An FBI statement said Pratt was wanted on 19 charges including sex trafficking, production of child pornography, sex trafficking of a minor and money laundering. He has been on the run since 2019 and authorities had offered US$100,000 for information on him.
Pratt was being held by Spanish authorities while the United States sought an extradition order.
The charges against him related to a website he ran. It was alleged that he tricked women into becoming online porn stars, and used the pornography to rake in earnings of $US17m ($30m).
Spanish police announced the arrest on Twitter, publishing a video of officers handcuffing a man and searching him.
Prosecutors in the US say that Pratt, who ran the now-defunct websites for around seven years, coerced hundreds of women to appear in pornographic videos under false pretences.

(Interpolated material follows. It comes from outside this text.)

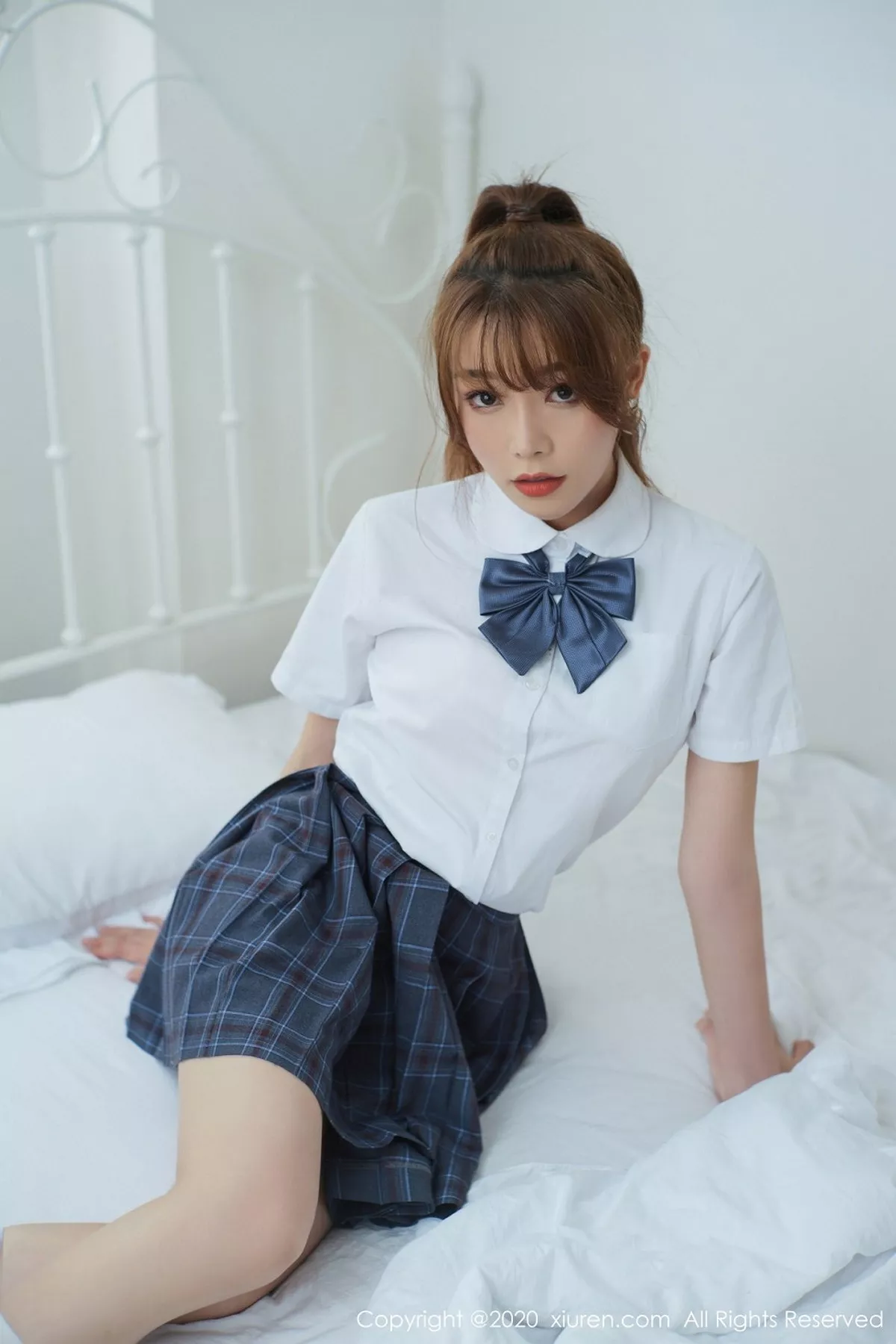 秀人集.com_[XiuRen秀人网]No.2502_女神芝芝Booty私房JK制服主题+粉色蕾丝内衣露惹火身材诱惑写真43P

They allege that Pratt – along with another New Zealander and accomplice Matthew Wolfe and others – lured unsuspecting women with adverts for clothed modelling gigs.

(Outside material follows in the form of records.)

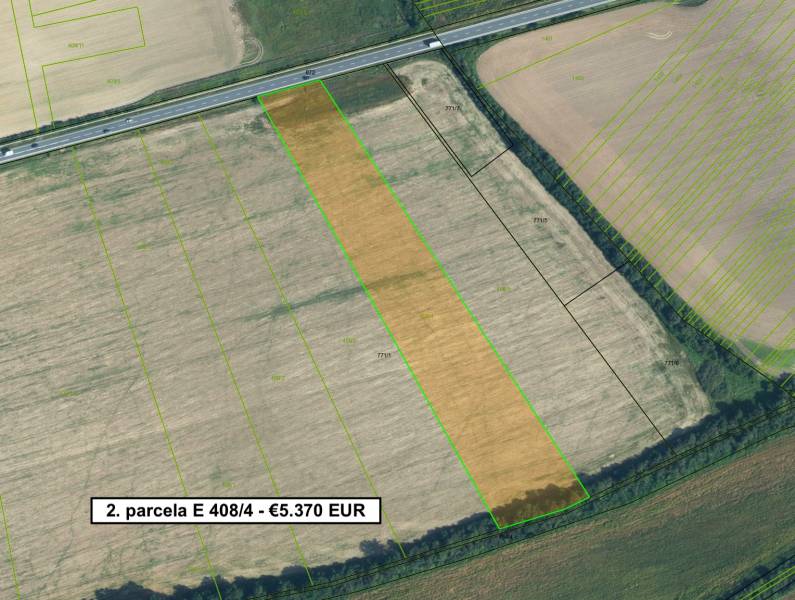 Luftaufnahme von landwirtschaftlichen und forstwirtschaftlichen Flächen bei Lučenec mit markiertem Grundstück.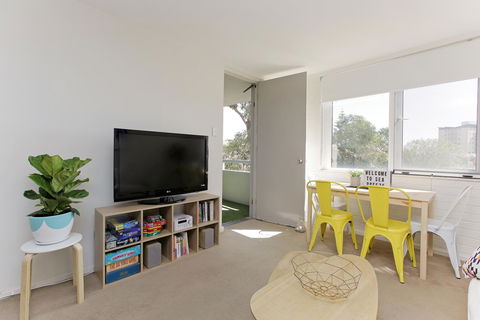 SEA BREEZE â€“ Between Cottesloe Beach & Swan River - Accommodation Search 1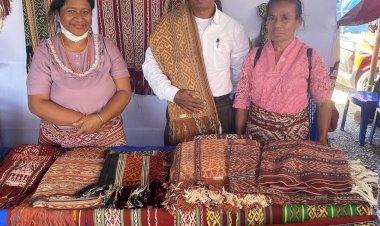 Sejarah-dalam-Helai-Tenun:-Kain-51-Tahun-Keturunan-Raja-Amarasi-Tampil-di-Expo-Kabupaten-Kupang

The women, many of whom were struggling financially, were offered between US$3000 and US$5000 as payment, as well as an “all expenses” trip to San Diego.
“They repeatedly assure the victims they will never publish the videos online and that the women will remain anonymous,” according to a civil claim which has subsequently been successful in the US courts.

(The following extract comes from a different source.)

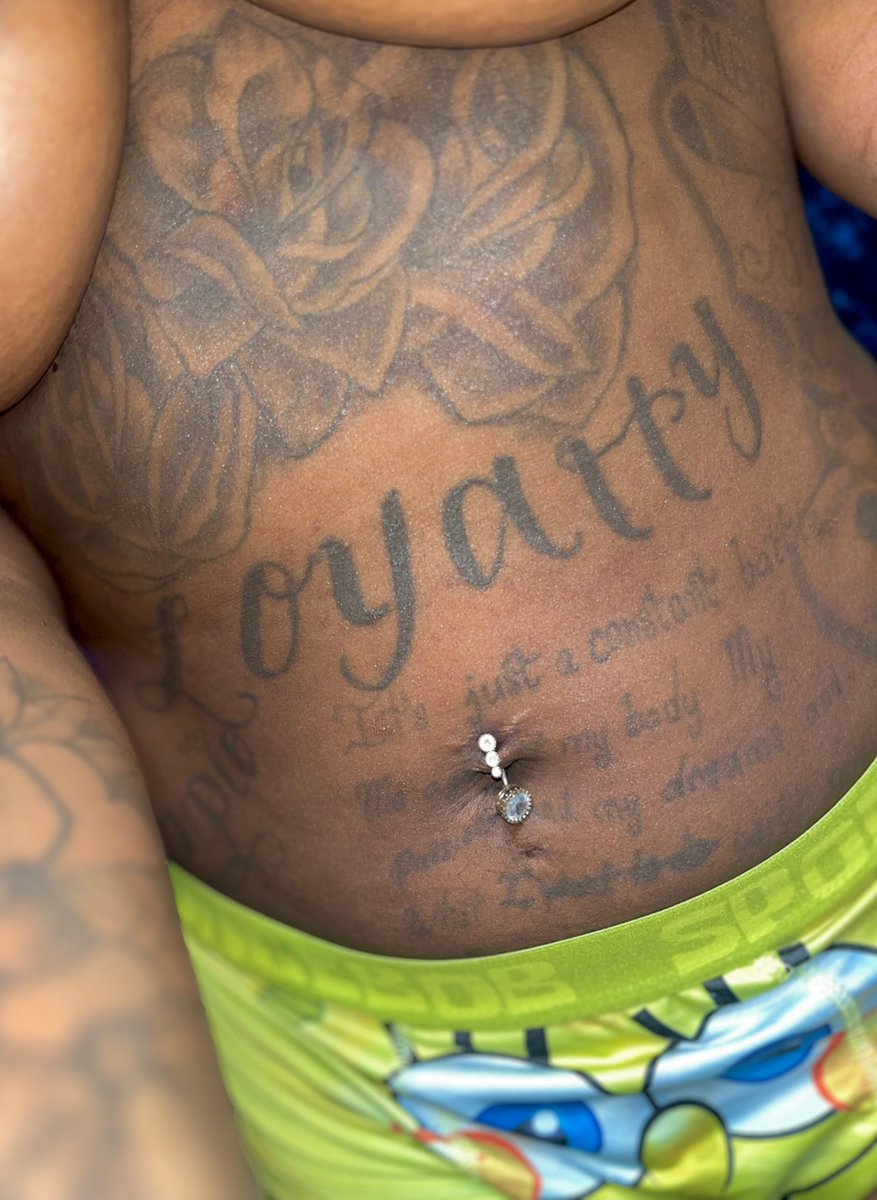 Memepage_'s tweet photo. Tattoo lover 🤤💉🤪 https://t.co/htDb4gfdC7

When it was revealed that the job involved filming for adult videos, the victims were led to believe that the footage would only be distributed to private customers in far-off places like Australia or New Zealand.
However, the videos soon showed up online, which prosecutors say was always the plan of Pratt, Wolfe and a third individual, an American man named Ruben Andre Garcia, a porn actor and producer already sentenced to 20 years in prison.
If the women ever changed their minds about filming or completing the scenes, they were threatened with legal action, or told their flights home would be cancelled, or the footage would be sent to friends or family.